Wednesday 8 September 2010

Diversions (1)

Contrary to popular opinion, I'm not reading/studying Mir 'Ali Sir all the time - just most of it ... but that's by the by. By way of distraction, and in order to hone my reading and translating skills vis à vis Chaghatay Turkic, I've been working through some materials available online at Harvard University's Islamic Heritage Project.

One is Janāb-i Ba-davlatnī hikāyātlārī ('Tales of the Blessed Lord'), an account of Ya'qub Beg's rule, written by Aḥmad Qulī Andījānī in 1322 AH/AD 1904-05. As manuscripts go, it's fairly easy to read and comprehend; indeed, as literary stylings go, it's pretty banal.
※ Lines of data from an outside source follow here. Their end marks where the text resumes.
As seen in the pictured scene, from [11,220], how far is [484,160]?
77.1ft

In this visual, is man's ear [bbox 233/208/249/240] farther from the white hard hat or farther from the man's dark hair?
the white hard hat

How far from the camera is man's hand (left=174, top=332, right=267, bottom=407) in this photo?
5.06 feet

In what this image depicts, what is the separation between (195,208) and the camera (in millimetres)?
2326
Moreover it was one of the works consulted by Hodong Kim for his - as we like to say in these parts - 'seminal' study of Ya'qub Beg and related revolts against Qing rule in Xinjiang during the 1860s and 1870s, Holy War in China: The Muslim Rebellion and State in Chinese Central Asia, 1864-1877 (Stanford University Press, 2004).

Available through the same avenue of research is a collection of 13 Central Asian documents from the 16th-19th centuries, in Persian or Chaghatay. Most of them appear to originate from Samarqand, Kashgar or Yarkend ... and, because the world is arranged this way, they are the subject of a study by - Hodong Kim, published as a chapter in a collection of conference proceedings, entitled Studies on Xinjiang Historical Sources in 17-20th Centuries, edited by James Millward, Shinmen Yasushi and Sugawara Jun, under the auspices of the Toyo Bunko. Hodong Kim's chapter ('Eastern Turki Royal Decrees of the 17th century in the Jarring Collection') compares the Harvard copies with those held, as the chapter title indicates, in the collection of the noted Swedish orientalist, Gunnar Jarring.